I am going to do a demo for Chicago, which I visit on the 28th for a talk at Loyola University. I want to demonstrate a working method for converting legacy XML files with multiple embedded versions into separate HTML files. A bit like the Versioning Machine. However, between the XML and the HTML the interim files will be uniquely plain text and potentially overlapping markup extracted from the XML. These two files could both be combined into separate Multi-Version-Documents so that electronic editions of multi-version texts can be subject to markup which can be freely combined or removed at any time without affecting the text.

This isn't just standoff markup. I'm using a custom technique called HRIT format, which is based on xLMNL. This just records a set of ranges with attributes (garnered from the XML) so potentially any property can overlap with any other property. And these ranges, tied by fixed offsets to the original text, have no hierarchical structure.
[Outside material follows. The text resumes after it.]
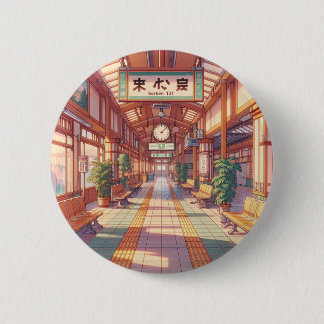 Retro 90s Anime Japan Train Station 2 Inch Round Button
Cool. But how does this get turned into hierarchical HTML? That's the tricky part. I will define a simple CSS file, which is interpreted as a recipe for constructing the HTML file. For example, we might have a style definition "p.stage". This would mean that we should generate a paragraph (<p class="stage">...</p>) for all ranges called "stage", and apply the formats of the p.stage style definition. The beauty of this is that the same CSS file can be used both for formatting the HTML and for generating it. Now that's cool. Here's an outline of the demo (I'll tick them off as I do them):

  1. 1. encode Act 1, scene 2 of King Lear all versions as ONE TEI-XML file, using parallel segmentation. ✓ Done, at least first three folio versions. But I should really include the quartos too.
  2. Write a simple C-program to separate out the versions called splitter. This produces copies of each version as separate TEI-XML files. ✓ Done.
  3. Strip out the markup from these files with stripper - another C-program. This produces 2 files for each XML file:
    1. the original text, stripped of all markup.
    2. The markup expressed in HRIT standoff format with coordinates for where it is now in the plain text. ✓ Done.
  4. Write a simple CSS stylesheet and another C-program formatter that takes the standoff markup from step 3b and recombines it with 3a using the stylesheet definitions into HTML. This is the most complex program: it needs to parse CSS in a superficial way only and use definitions of the type element.class to construct the HTML. The class will be the name of an XML element and the element will be the HTML element name. Then the program need only dumbly create elements for the given ranges. Since it was originally nested the result will also be nested. (This was in fact a requirement for XSLT to do the same work.) What we will eventually need is more flexiblity in the program later that can handle more intelligently the nesting property. ✓ Done, but needs further extension.
  5. Display the result of one version in the browser. ✓ Done
  6. Write a simple interactive web program consisting of a web page and some Javascript. Divide the page into two parts. On the right a few of the most common properties as buttons: paragraph, speaker, speech, etc. Less common properties can be selected from a dropdown menu and a button to apply the property. On the left the raw text of King Lear. Now select a bit of the text and press a button. This sends the selection to the server, which adds a format to that range, calls the formatter program to change the HTML, then refreshes the page, so the text formats interactively. For the server just use apache+PHP, and call the commandline tools via exec. In progress

Once this is incorporated into the MVD-GUI (in place of the XSLT step that currently transforms the XML of the versions into HTML) we will have an electronic edition that is truly free of embedded markup!